AVAILABLE RECORDS
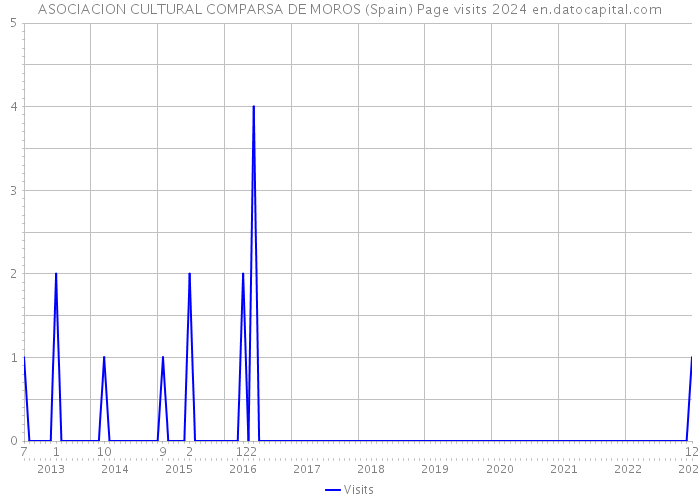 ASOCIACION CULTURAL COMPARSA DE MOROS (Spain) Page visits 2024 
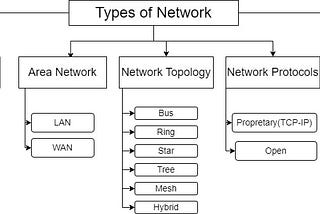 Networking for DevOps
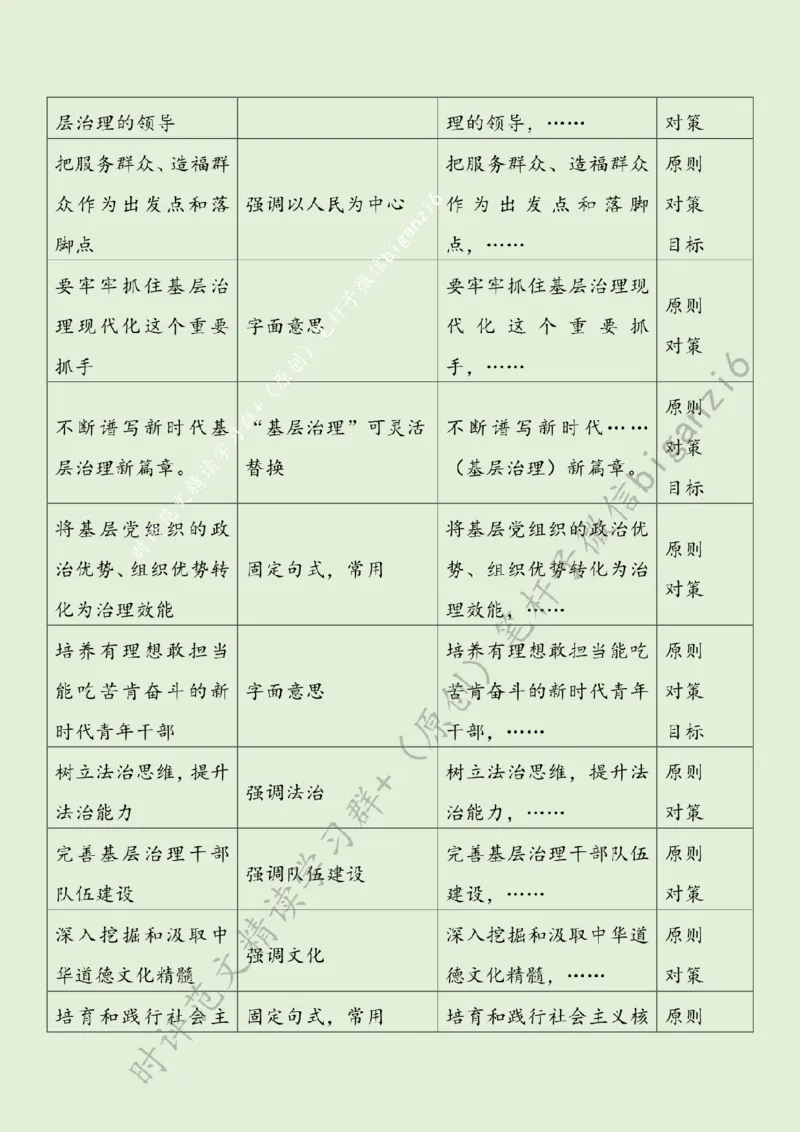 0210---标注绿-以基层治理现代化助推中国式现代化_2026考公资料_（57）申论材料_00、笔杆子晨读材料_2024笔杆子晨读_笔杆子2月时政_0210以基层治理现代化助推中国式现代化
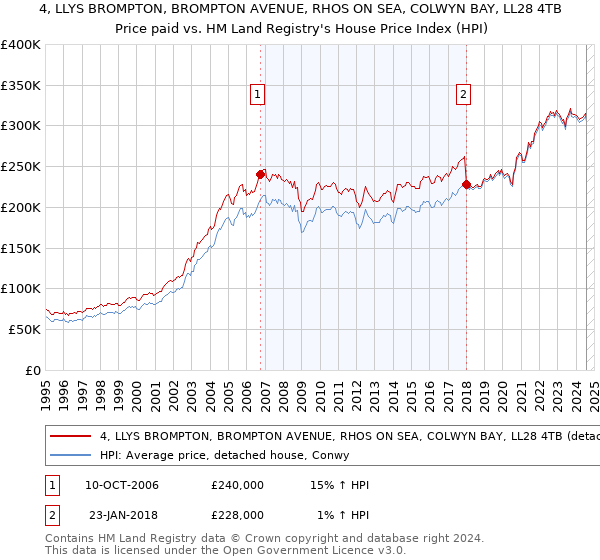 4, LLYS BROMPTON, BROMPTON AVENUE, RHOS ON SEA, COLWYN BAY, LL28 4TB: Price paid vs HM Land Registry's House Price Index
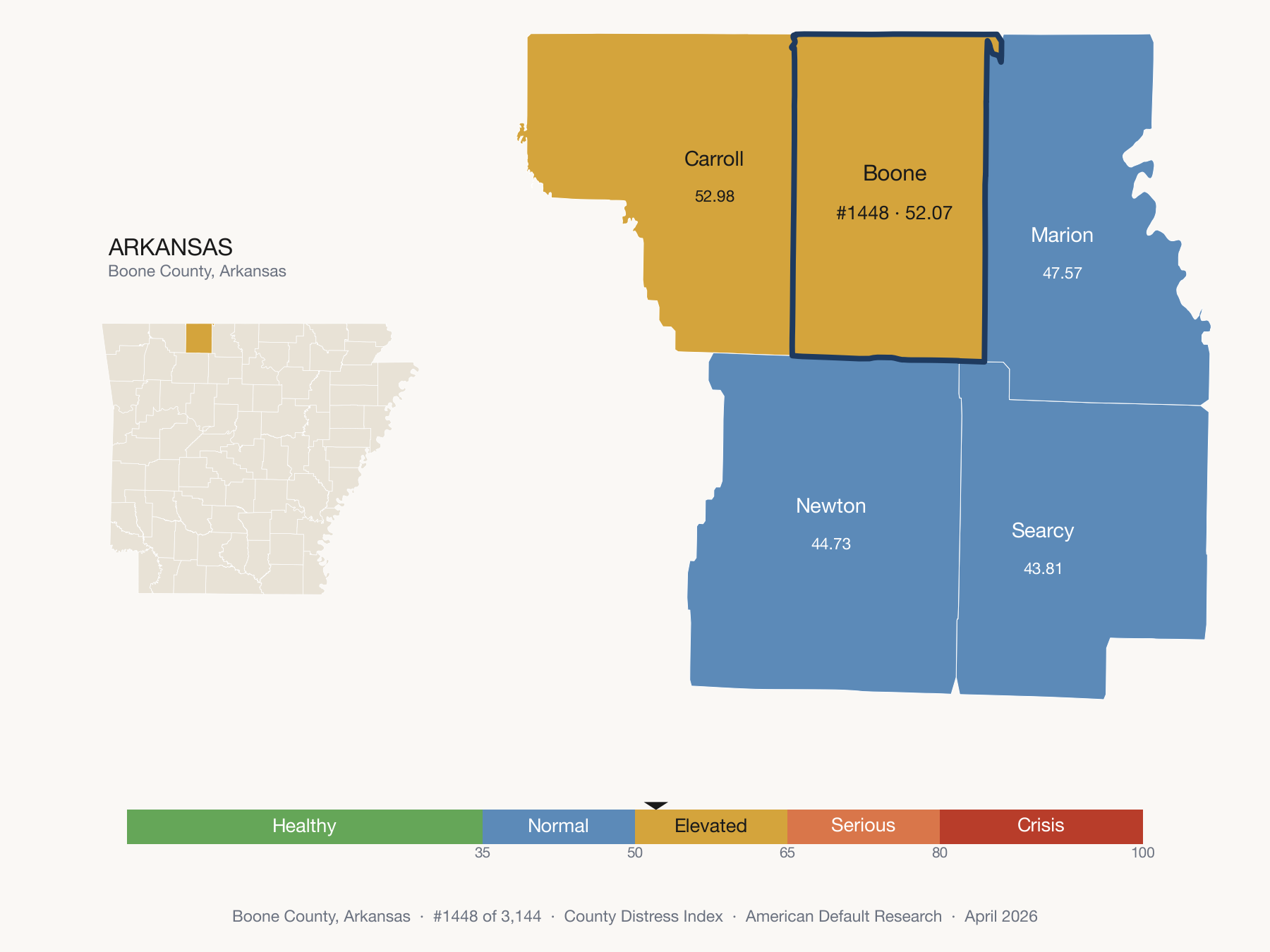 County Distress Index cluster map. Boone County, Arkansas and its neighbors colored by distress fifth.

...

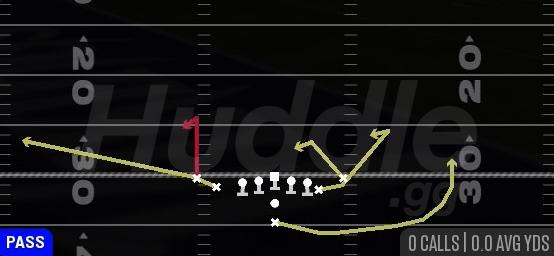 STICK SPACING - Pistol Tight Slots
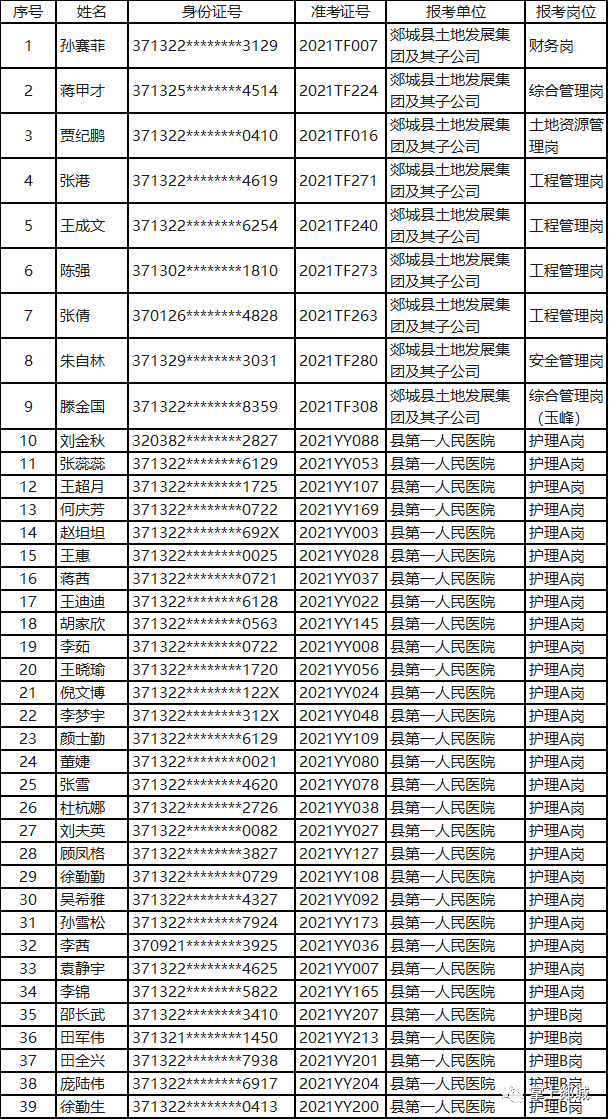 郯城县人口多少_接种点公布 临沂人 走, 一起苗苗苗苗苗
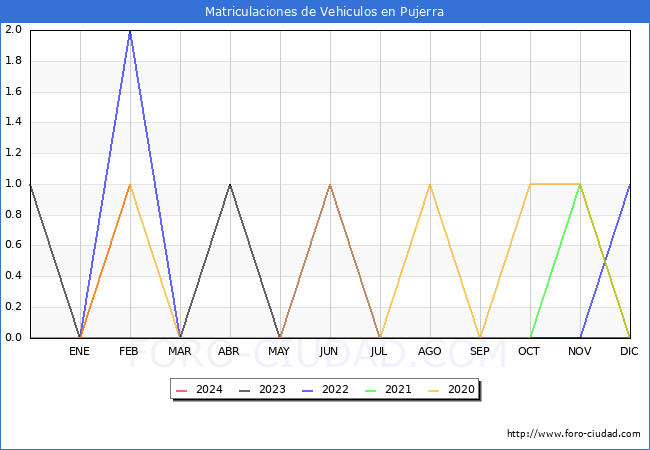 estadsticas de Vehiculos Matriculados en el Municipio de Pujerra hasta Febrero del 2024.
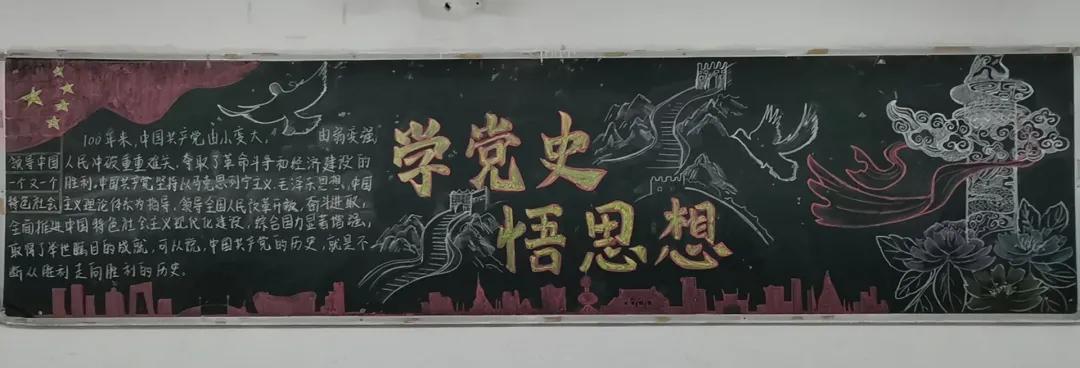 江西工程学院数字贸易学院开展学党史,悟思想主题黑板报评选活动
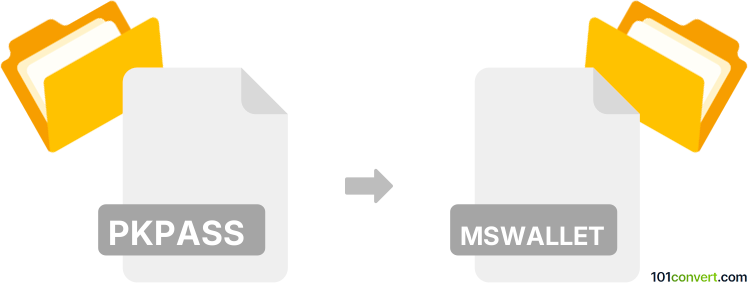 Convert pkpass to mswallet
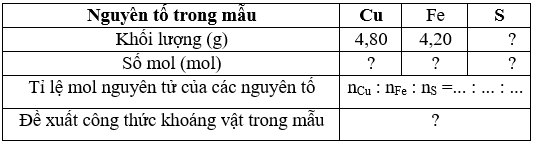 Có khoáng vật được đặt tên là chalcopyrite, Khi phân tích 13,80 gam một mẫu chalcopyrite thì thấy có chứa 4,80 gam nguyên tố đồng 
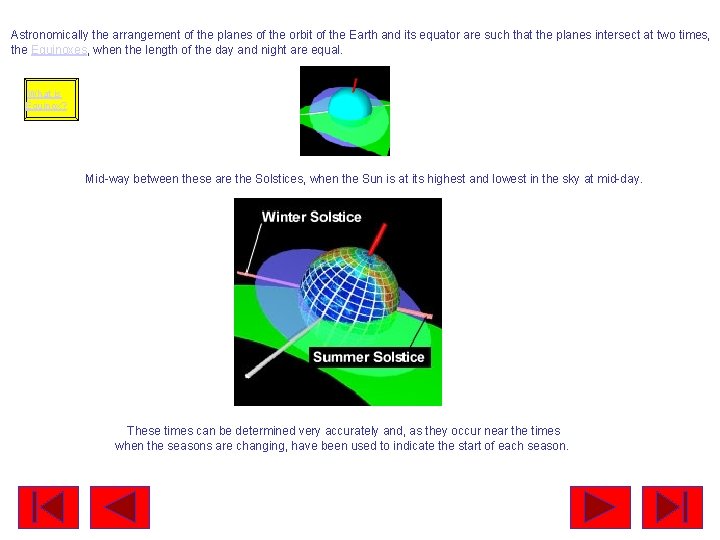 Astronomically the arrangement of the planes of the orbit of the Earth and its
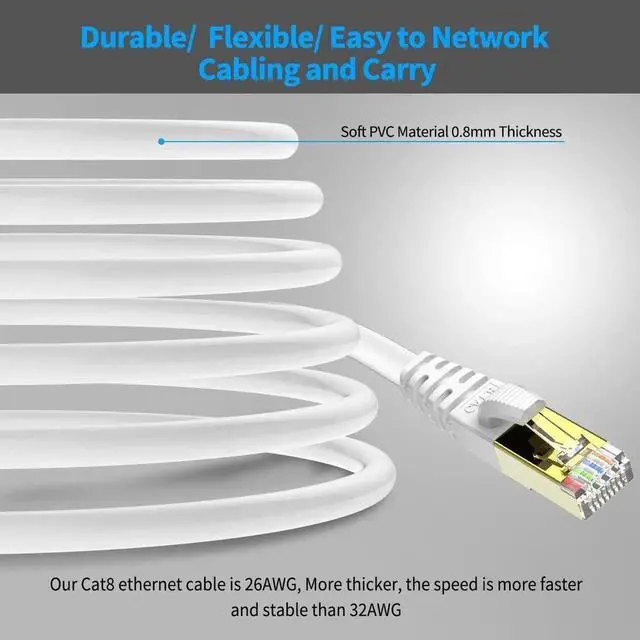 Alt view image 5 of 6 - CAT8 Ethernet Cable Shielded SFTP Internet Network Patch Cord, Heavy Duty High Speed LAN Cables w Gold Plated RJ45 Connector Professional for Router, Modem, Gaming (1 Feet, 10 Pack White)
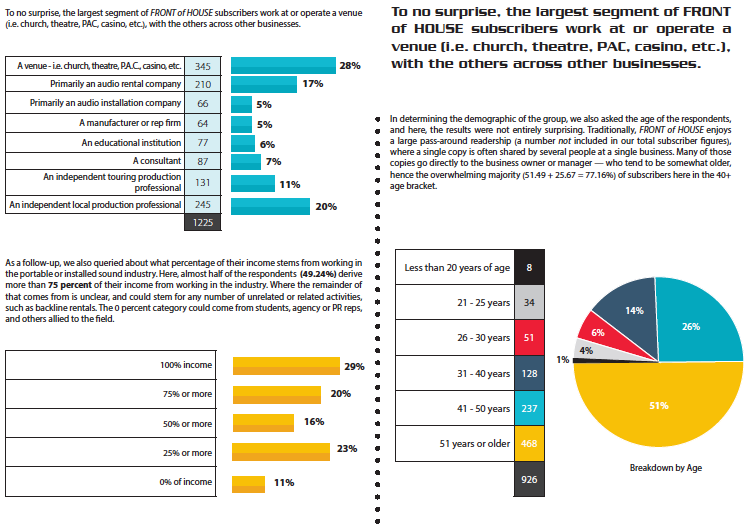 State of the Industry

...

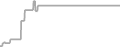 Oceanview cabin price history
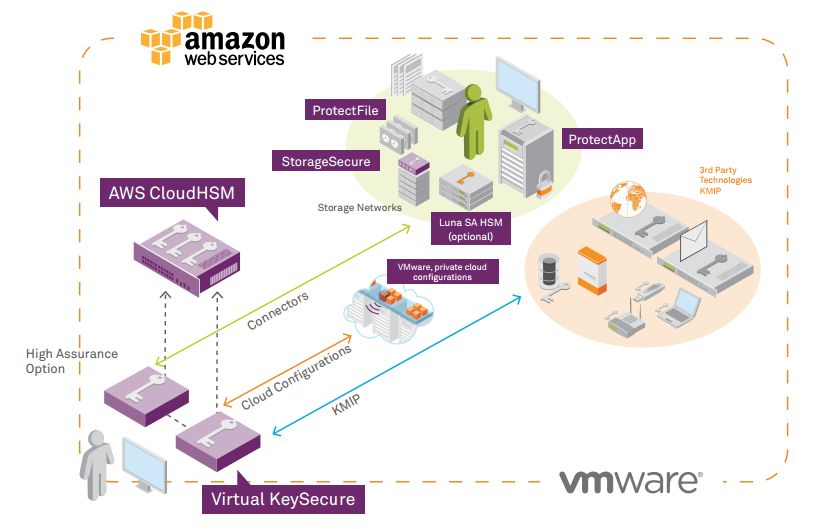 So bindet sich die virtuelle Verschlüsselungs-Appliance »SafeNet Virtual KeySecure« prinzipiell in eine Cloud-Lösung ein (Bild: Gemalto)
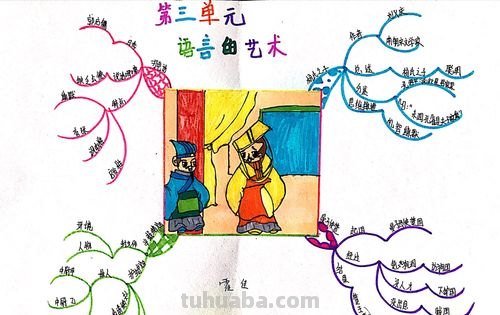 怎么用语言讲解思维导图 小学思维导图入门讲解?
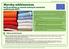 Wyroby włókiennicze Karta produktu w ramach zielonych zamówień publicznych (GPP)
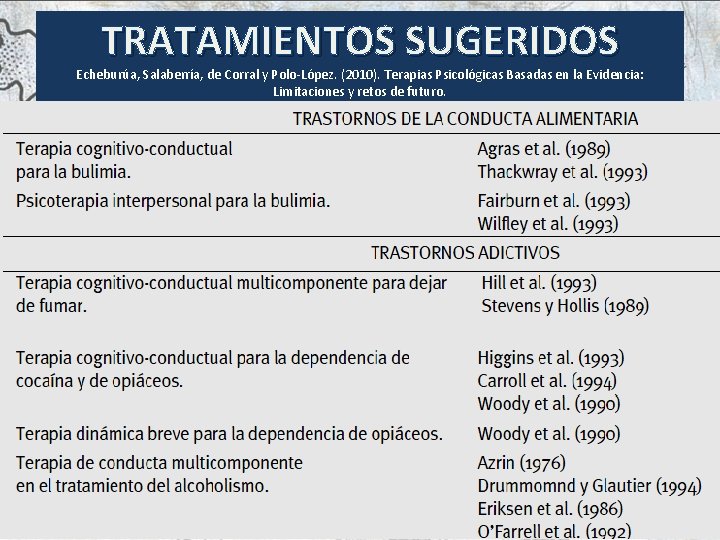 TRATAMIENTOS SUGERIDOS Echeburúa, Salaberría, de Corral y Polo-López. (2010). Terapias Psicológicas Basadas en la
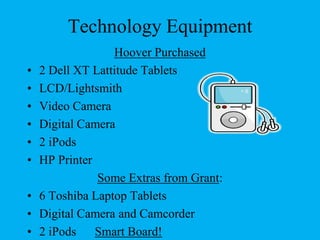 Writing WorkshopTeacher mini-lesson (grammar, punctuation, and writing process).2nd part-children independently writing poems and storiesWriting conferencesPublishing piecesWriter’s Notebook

WHAT THE TASK ASKS
Go to the line above holding "So bindet sich", then copy exactly each line down to and including the one holding "Writing WorkshopTeacher mini-lesson", leaving pictures out.

OUTPUT BELOW
 So bindet sich die virtuelle Verschlüsselungs-Appliance »SafeNet Virtual KeySecure« prinzipiell in eine Cloud-Lösung ein (Bild: Gemalto)
 怎么用语言讲解思维导图 小学思维导图入门讲解?
 Wyroby włókiennicze Karta produktu w ramach zielonych zamówień publicznych (GPP)
 TRATAMIENTOS SUGERIDOS Echeburúa, Salaberría, de Corral y Polo-López. (2010). Terapias Psicológicas Basadas en la
 Writing WorkshopTeacher mini-lesson (grammar, punctuation, and writing process).2nd part-children independently writing poems and storiesWriting conferencesPublishing piecesWriter’s Notebook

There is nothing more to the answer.